Facts You Should Know When Applying for a Reverse Mortgage


*This is a collaborative post

As much as retirement sounds fun, the income you may get during this phase most likely pales to the actual income you earn currently from your career job – and this is what hits many retirees hard. To make matters worse, most retirees decide to remortgage their homes, thereby plunging themselves further into a pile of debts. Are there better alternatives to that? Of course. Rather than taking a traditional loan on your home that will leave you popping pills at night, why not opt for a reverse mortgage? This loan creates an additional stream of income for you while providing you with the luxury to enjoy the comfort of your home to the fullest. In this guide, I will show you what you should know about this financial haven. 

Enjoy Your Post-Retirement Life with Ease

If you have examined the traditional mortgage, you may have discovered something troubling about this loan; it puts borrowers on their toes. There is a rush of adrenaline to meet up with monthly repayment deadlines, as failure to do so can land a homeowner in hot water, worse yet, the foreclosure of the home. No one loves to hear such nightmarish announcement. But why put yourself on the spot, when you can easily procure a reverse mortgage. 

With a reverse mortgage, you can gain access to financial support without the fear of losing your home. And guess what? You do not have to repay your loan immediately. In actuality, you may not payback for as long as you like. However, bear in mind that the interest on the loan accrues with time. So, you may end up paying more than you initially borrowed. Another condition is that you have to pay your taxes, insurance, and home maintenance cost. Once these conditions are intact, you are good to go. There is no deadline for payment, except when you decide to sell your home. 

Accessing a Reverse Mortgage

To be eligible for a reverse loan also known as HECM (Home Equity Conversion Mortgage), you must be 62 years of age and older. Also, you need to be a legitimate homeowner; and not just that, your home has to be your primary residence. This property serves as collateral for the loan. The local lender or government agency will run a background check on your credit score, home value, and your credibility in meeting the conditions I discussed in the previous section. To conduct a comprehensive evaluation of your eligibility, the lender will use a reverse mortgage calculator. 

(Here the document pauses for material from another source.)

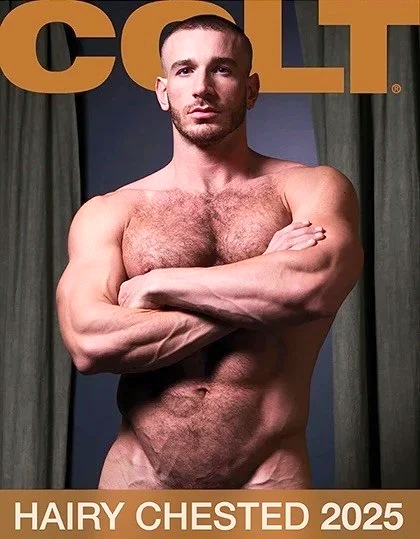 COLT STUDIOS | HAIRY CHESTED 2025 CALENDAR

This calculator also determines the amount you can borrow from your current home market value. According to the law, you can not take the total value of your home as a loan. Once you are eligible for the loan, the lender will make your funds available. However, you can only access this money after clearing your current mortgage, as you can not have two or more home loans. After clearing the current loan, the remaining money is yours to keep, save, invest, and spend. 

 How Long Does a Reverse Mortgage Last? 

As I discussed before, you can defer a reverse mortgage payment for as long as you wish, provided that you meet all the conditions required of you. However, if you decide to sell the home, then you would have to pay back the loan. If the money from your home sale is insufficient to cater to the loan, the lender will forgive the outstanding debt.